When you’re going in for surgery, they have you take off your jewellery. It’s a safety issue, I was told. It made sense to me that necklaces and bracelets would need to be removed, dangly earrings even. I didn’t want to remove my nose rings, but apparently, the cauterizing machine could spark against the metal and cause burns. I remember counting all the pieces of jewellery: two nose rings, two toe rings, three finger rings, and eleven earrings.
After the first surgery, I was able to put the jewellery back on within a few days. My cousin and mother decided that it was time to put my jewellery back on, so I could feel more like myself. At the time, I didn't have the energy to disagree, so I went with it. When I went to the bathroom, I vaguely hoped that I’d have an easier time looking in the mirror, but I didn’t. My face felt more like mine, yes, but it didn’t matter. I couldn’t even stand up straight because my abs had recently been sliced open down the middle.
Two days after the surgery, a doctor had ripped off the bandage, and I saw the thick black sutures curving around my belly button. I felt nauseous with disgust. Eventually, when the scar healed, it wasn’t so bad. It framed my belly button neatly, and I wrote poems about it.
The two surgeries that I had later, along the same incision line, compounded over the first scar. My belly button is now off-center, and barely there. There are now scars from two sets of sutures, and another set of staples. It’s less visceral now, but I have only ever been able to describe it as grotesque. In many ways, adolescence felt like a process of learning to look in the mirror and like what I saw. After I’d finally got there, it hurt to lose it to something that was, technically, helping me heal.

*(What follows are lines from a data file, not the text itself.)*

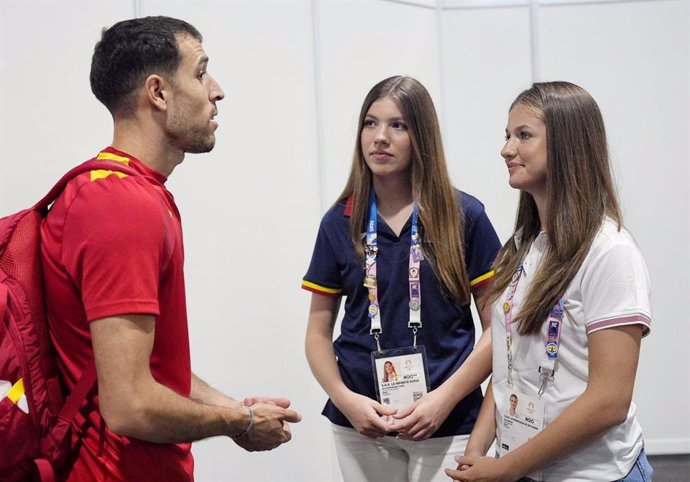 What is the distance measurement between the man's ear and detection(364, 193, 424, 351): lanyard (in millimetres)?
894

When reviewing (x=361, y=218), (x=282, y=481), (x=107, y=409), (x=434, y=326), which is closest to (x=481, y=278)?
(x=434, y=326)

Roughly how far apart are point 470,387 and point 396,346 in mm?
228

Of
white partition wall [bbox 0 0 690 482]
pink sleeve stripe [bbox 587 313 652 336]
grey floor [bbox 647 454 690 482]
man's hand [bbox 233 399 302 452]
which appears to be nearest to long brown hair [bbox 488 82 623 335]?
pink sleeve stripe [bbox 587 313 652 336]

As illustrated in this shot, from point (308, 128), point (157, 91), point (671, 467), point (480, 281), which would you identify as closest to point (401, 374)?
point (480, 281)

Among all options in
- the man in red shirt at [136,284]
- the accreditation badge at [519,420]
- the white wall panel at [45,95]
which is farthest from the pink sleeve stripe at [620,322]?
the white wall panel at [45,95]

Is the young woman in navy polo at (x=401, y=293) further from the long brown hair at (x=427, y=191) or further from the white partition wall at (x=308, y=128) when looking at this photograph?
the white partition wall at (x=308, y=128)

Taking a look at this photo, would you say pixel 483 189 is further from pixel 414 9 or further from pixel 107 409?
pixel 107 409

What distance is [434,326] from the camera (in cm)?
235

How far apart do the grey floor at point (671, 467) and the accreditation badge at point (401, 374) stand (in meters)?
2.38

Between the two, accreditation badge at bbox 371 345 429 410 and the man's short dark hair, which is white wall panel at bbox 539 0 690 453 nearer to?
accreditation badge at bbox 371 345 429 410

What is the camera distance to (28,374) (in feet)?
4.61

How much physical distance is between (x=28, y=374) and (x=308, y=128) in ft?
8.56

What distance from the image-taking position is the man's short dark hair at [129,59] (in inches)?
65.6

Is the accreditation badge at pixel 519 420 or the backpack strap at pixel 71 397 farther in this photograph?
the accreditation badge at pixel 519 420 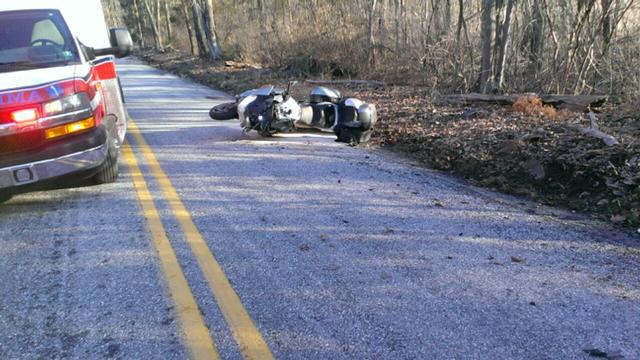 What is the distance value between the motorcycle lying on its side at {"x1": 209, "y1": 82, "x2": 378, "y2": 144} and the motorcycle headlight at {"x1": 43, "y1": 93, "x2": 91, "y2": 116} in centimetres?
331

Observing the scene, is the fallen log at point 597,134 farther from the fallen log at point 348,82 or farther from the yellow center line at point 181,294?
the fallen log at point 348,82

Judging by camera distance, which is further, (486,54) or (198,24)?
(198,24)

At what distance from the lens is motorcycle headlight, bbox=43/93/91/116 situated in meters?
4.98

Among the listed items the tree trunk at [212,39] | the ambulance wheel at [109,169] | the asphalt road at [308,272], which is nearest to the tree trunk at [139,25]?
the tree trunk at [212,39]

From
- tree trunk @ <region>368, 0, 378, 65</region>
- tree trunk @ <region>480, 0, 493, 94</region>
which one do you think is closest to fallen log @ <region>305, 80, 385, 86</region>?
tree trunk @ <region>368, 0, 378, 65</region>

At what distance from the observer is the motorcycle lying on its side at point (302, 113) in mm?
8328

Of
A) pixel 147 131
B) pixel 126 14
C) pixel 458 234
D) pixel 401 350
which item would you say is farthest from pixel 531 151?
pixel 126 14

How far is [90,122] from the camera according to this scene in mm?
5383

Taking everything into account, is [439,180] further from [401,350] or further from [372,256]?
[401,350]

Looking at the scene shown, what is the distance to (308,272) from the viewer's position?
3.95 m

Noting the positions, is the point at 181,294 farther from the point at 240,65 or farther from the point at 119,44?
the point at 240,65

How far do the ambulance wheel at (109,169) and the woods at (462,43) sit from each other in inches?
334

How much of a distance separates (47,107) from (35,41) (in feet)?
4.80

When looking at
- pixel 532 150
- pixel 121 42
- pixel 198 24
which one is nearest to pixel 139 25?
pixel 198 24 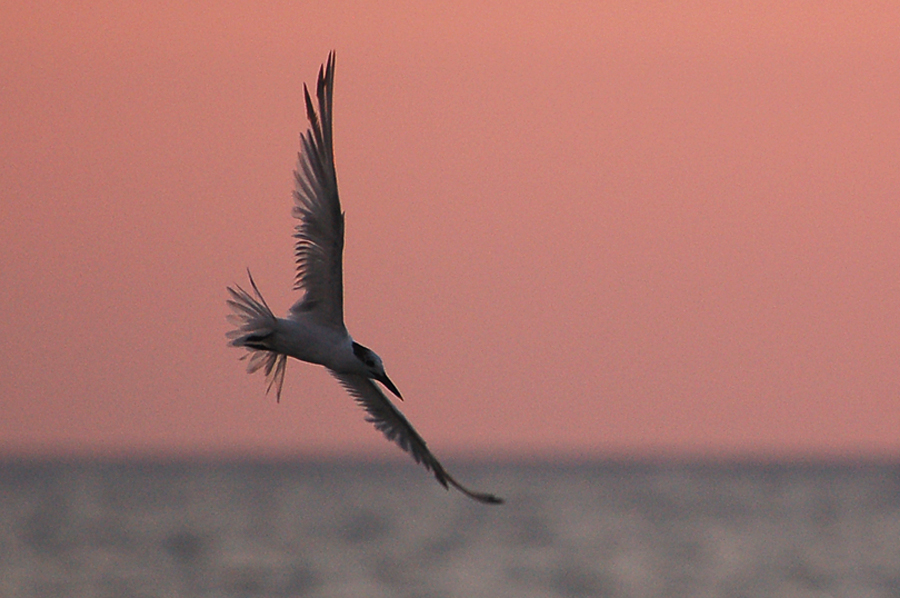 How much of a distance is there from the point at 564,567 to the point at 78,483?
52363 mm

I feel like I remember the moment that I became self conscious about my appearance as a child. I’d been looking at myself in the mirror on my mother’s closet, and some adult - one of my parents, maybe an aunt- asked if I thought I looked beautiful. I must have said yes, because then they asked what I thought was beautiful about me, and I remember being floored.
Somehow that question knocked me into this spiral of self awareness- not everyone saw me the way I saw myself, I wasn’t necessarily actually beautiful, I needed to look a certain way to be beautiful. With cancer, the surgeries, and my irrevocably destroyed belly button, looking in the mirror was a reminder that even if I managed to be beautiful, it could be taken away. It was the most concrete way that I saw how disconnected I felt from my body.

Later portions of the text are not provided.